In enghäutigen Neoprenanzügen geht es nach Startschuss inmitten einer motivierten Truppe auf die Strecke.

Das Erlebnis

Dann ertönt es, das Startsignal meines ersten Swimruns und wie in Trance rennen wir inmitten der 24 anderen Teilnehmer unserer Klasse durch Sigtunas Gassen hin zur ersten Schwimmstrecke. Der Mälaren kühlt Körper und Gemüt und mit heruntergelassenem Neo beginnt dieser unbegrenzte Flow von Land zu Wasser ab der zweiten Laufdistanz richtig Freude zu machen. Das Feld zieht sich mittlerweile weit auseinander. Teilweise sind Patrik und ich gänzlich allein auf kleinen grünen Pfaden unterwegs und ernten irritierte Blicke von Spaziergängern, an denen dieses Event scheinbar vorbeigegangen ist.

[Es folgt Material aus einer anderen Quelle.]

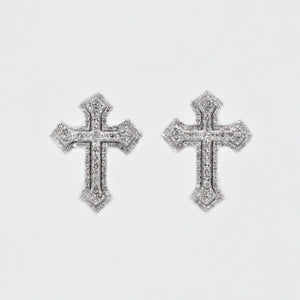 10k Solid Gold 12.5mm Diamond 3D Cross Earrings - 50121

Im historischen Ortskern werden wir von euphorischen Passanten zu Höchstleistungen motiviert. Im Rausch spüre ich weder Temperatur noch Müdigkeit. Nur einmal werden wir aus dem Amphibienzustand gerissen, als uns ein versehentlich von der Strecke abgekommenes SwimrunPärchen nach dem Weg fragt. Dann taucht es wie aus dem Nichts auf: Das Ziel, in das wir mit vor Nässe schmatzenden Schuhen glücklich einschlurfen.

Das Fazit

Nachdem wir wortkarg einige Energieriegel in uns hineinstopfen, mündet die Erschöpfung in einen Lachkrampf. Wir staunen nicht schlecht, auf dem 7. Platz von 14 gemischten Teams gelandet zu sein. Ein Swimrun kann jeder auch mit humanem Training und ohne gänzlich asketischen Lebensstil erleben. Und es lohnt sich, denn der unbegrenzte Flow hat seine eigene amphibische Magie.

Patrik und Karen würden es wieder tun. Zwei glückliche Amphibien nach Einlauf ins Ziel.